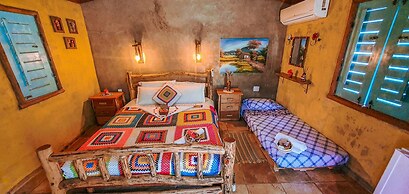 Pousada Quinta da Lagoa Azul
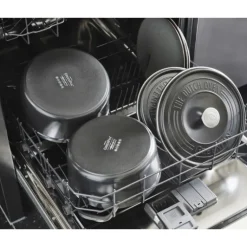 Cocotte en Fonte d'Aluminium Ø26 cm 5.3L CELESTE GreenPan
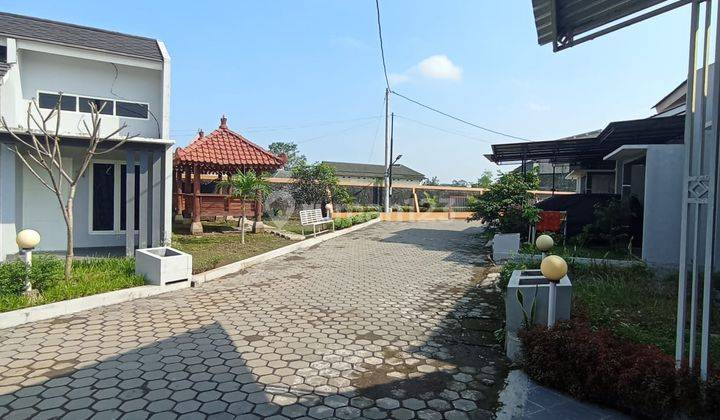 Rumah Butuh Renovas di Jl Wonokromo, Pleret, Yogyakarta 2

**********

Transcribe all the data word for word; the images stay out.

 Pousada Quinta da Lagoa Azul
 Cocotte en Fonte d'Aluminium Ø26 cm 5.3L CELESTE GreenPan
 Rumah Butuh Renovas di Jl Wonokromo, Pleret, Yogyakarta 2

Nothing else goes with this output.